Written on May 3, 2011 at 6:19 pm, by Carlos

Professor Daniel Dennett

USA, World leading philosopher and cognitive scientist

Deep Conversation:
‘Super-connected world – marvel or myth?’ (November 16, 6.30 – 9.00pm)
Presentation:
Prospective gains and losses from the information explosion (November 17, 9.45am)

Daniel C. Dennett, the author of Darwin’s Dangerous Idea (Simon & Schuster, 1995), is University Professor and Austin B. Fletcher Professor of Philosophy and Co-Director of the Center for Cognitive Studies at Tufts University. He received his B.A. in philosophy from Harvard. He then went to Oxford to work with Gilbert Ryle, under whose supervision he completed the D.Phil. in philosophy in 1965. He taught at U.C. Irvine and in 1971 moved to Tufts, where he has taught ever since, aside from periods visiting at Harvard, Pittsburgh, Oxford, and the Ecole Normal Superieure in Paris.

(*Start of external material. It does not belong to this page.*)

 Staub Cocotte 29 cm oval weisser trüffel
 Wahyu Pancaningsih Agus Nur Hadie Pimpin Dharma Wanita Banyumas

His first book, Content and Consciousness, appeared in 1969, followed by Brainstorms (1978), Elbow Room (1984), The Intentional Stance (1987), Consciousness Explained (1991), Darwin’s Dangerous Idea (1995), and Kinds of Minds (1996). He co-edited The Mind’s I with Douglas Hofstadter in 1981. He is the author of over three hundred scholarly articles on various aspects on the mind, published in journals ranging from Artificial Intelligence and Behavioral and Brain Sciences to Poetics Today and the Journal of Aesthetics and Art Criticism. In 1998 he published Brainchildren: A Collection of Essays 1984-1996 (MIT Press and Penguin).

Freedom Evolves, was published by Penguin Books in 2003.  Sweet Dreams: Philosophical Obstacles to a Science of Consciousness, was published in 2005 by MIT Press. His most recent book, Breaking the Spell: Religion as a Natural Phenomenon was published in 2006 by Viking Press.

He gave the John Locke Lectures at Oxford in 1983, the Gavin David Young Lectures at Adelaide, Australia, in 1985, and the Tanner Lecture at Michigan in 1986, among many others. He has received two Guggenheim Fellowships, a Fulbright Fellowship, and a Fellowship at the Center for Advanced Studies in Behavioral Science. He was elected to the American Academy of Arts and Sciences in 1987.

He was the Co-founder and Co-director of the Curricular Software Studio at Tufts, and has helped to design museum exhibits on computers for the Smithsonian Institution, the Museum of Science in Boston, and the Computer Museum in Boston.

Daniel is also a sculptor.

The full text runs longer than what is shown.